PLURALISMO E REPRESENTAÇÃO PLURAL - NG6 - DR3

“A educação cívica numa democracia assenta em valores primários que se prendem com um código de honra, dignidade e verdade, que deveria ser tão naturalmente inscrito na vida quotidiana que não precisava de ser verbalizado. (...) Isto é uma questão antes de tudo cultural e não é por acaso que a escola tem estado sempre no centro do debate democrático. Não penso que a escola possa fazer tudo, mas há uma parte importante em que a própria aprendizagem deveria conduzir a uma absorção dos valores democráticos (...). É reconduzindo o ensino à sua componente humanista, em que na literatura, na filosofia, nas ciências se aprende a importância da crítica, da liberdade de pensar, da controvérsia, da diferença de pontos de vista, da precariedade das certezas, da complexidade da história”.
(Pacheco Pereira, 2002)

Sobre a relação entre democracia e cidadania democrática existem, não um, mas vários discursos, assentes em pressupostos ideológicos muito diversos, e mesmo, nalguns casos, antagónicos. Esses discursos reflectem diferentes visões do mundo e da sociedade, diferentes projectos político-sociais, e também diferentes concepções teóricas sobre a democracia, enquanto sistema de governo e modelo de organização social e política. Com efeito, a cidadania democrática parece ser “um valor” para muitas correntes do pensamento político, sendo possível, por exemplo, identificar autores e perspectivas em campos ideológicos tão diversos como o conservadorismo, o liberalismo, a social- democracia e o marxismo. Desta diversidade, e mesmo conflitualidade teórico-ideológica, se dá conta, no plano analítico, em disciplinas, como, por exemplo, a filosofia política, a ciência política ou a sociologia política.

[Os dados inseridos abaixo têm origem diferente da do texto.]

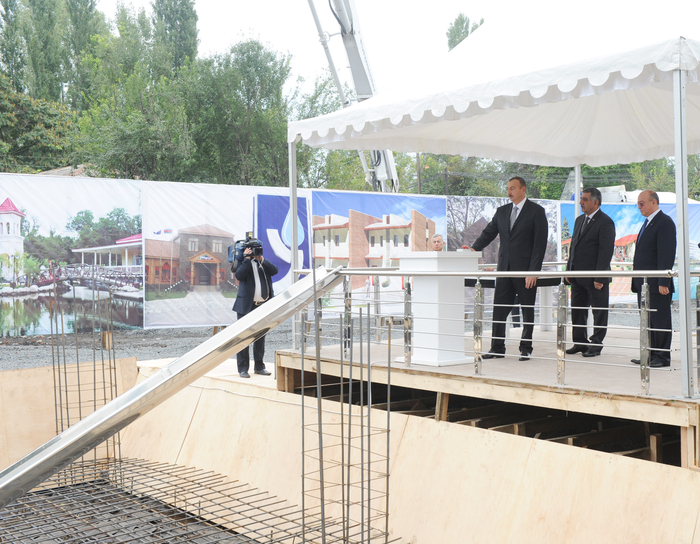 Президент Азербайджана принял участие в церемонии закладки фундамента нового здания Бехметлинской сельской средней школы (ФОТО)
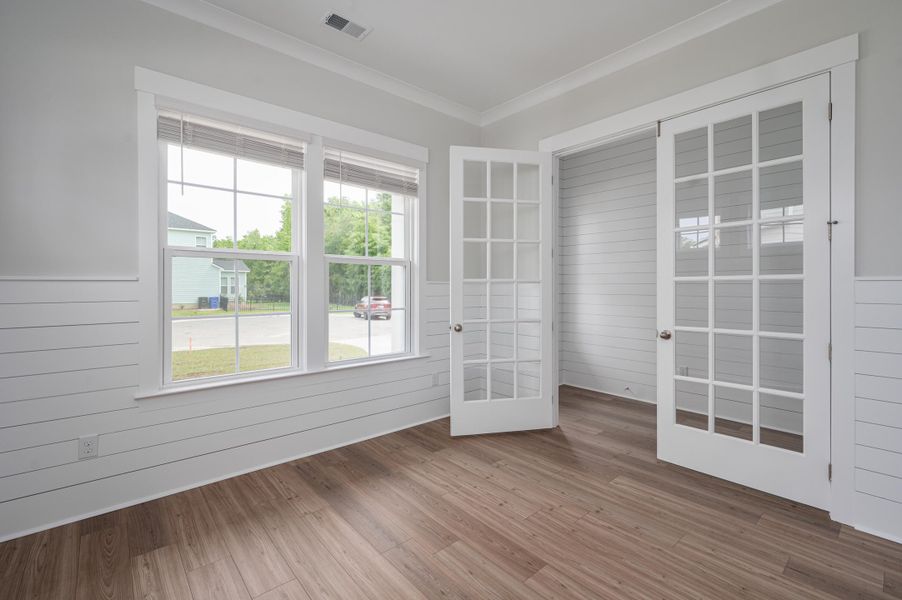 Spacious, unfurnished interior of a new home in Bayview Acres, Mount Pleasant (Image 12). Spacious, unfurnished interior of a new home in Bayview Acres, Mount Pleasant (Image 12).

Por outro lado, na história das sociedades é possível assinalar vários tipos de democracia (por exemplo, democracia representativa multipartidária, democracia representativa unipartidária, democracia participativa ou democracia directa). Considerando este facto histórico, desenvolverei, neste texto, um conjunto de argumentos sobre a relação entre e escola e os regimes políticos democráticos, a partir da minha identificação ideológica e política com a democracia liberal representativa, considerando que esse sistema de governo se fundamenta em valores e ideais que, em minha opinião, podem constituir uma das mais relevantes referências para o trabalho a desenvolver nas escolas em prol do desenvolvimento e consolidação de uma cultura e cidadania democráticas.

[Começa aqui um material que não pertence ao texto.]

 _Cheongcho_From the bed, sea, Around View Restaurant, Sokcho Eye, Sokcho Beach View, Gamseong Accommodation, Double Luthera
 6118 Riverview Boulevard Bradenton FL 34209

1. Democracia política e cidadania democrática

Do ponto de vista das características básicas do sistema ou regime político, as chamadas democracias liberais representativas, são, sobretudo, caracterizadas pela existência e funcionamento de um Estado de Direito, assente na separação dos poderes político, legislativo e judicial, pela liberdade de opinião e pelo consequente pluralismo político. John Rawls (1997, p.33), um dos mais importantes teóricos da democracia liberal (a par de Isaiah Berlin e de Karl Popper), deixa muito claro que o pluralismo político e ideológico constitui um elemento chave da democracia:
“A cultura política de uma sociedade democrática é sempre marcada por uma diversidade de doutrinas políticas, religiosas, filosóficas e morais, opostas e irreconciliáveis”.

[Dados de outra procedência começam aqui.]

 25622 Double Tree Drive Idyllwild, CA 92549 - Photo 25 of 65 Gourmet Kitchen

Na actualidade, em muitas partes do mundo, quando se fala em democracia, toma-se quase sempre a democracia liberal representativa como o arquétipo da democracia, incluindo nessa representação, não só as instituições políticas, mas também dimensões ético-culturais, normalmente associadas a uma reivindicada cultura humanista, que está na base de uma definição dita “ocidental” do conceito de “direitos humanos”. Todavia, facto aparentemente paradoxal, os dirigentes das chamadas “democracias populares”, governando sociedades com estruturas políticas e legais, e valores ético-culturais, muito diferentes daquelas que caracterizam as democracias “ocidentais” também se reclamavam da democracia. Uma análise, mesmo que superficial, evidenciaria muitas e importantes diferenças entre os dois tipos de sociedades. Com efeito, para um cidadão que viva num regime político pluralista, no qual o poder político é conquistado através de eleições livres, com voto secreto, pode parecer estranho que regimes de partido único se apresentem como democracias. Para este cidadão, não faz sentido falar de democracia em regimes de partido único, nos quais se verifica a ausência de aspectos estruturantes da democracia política.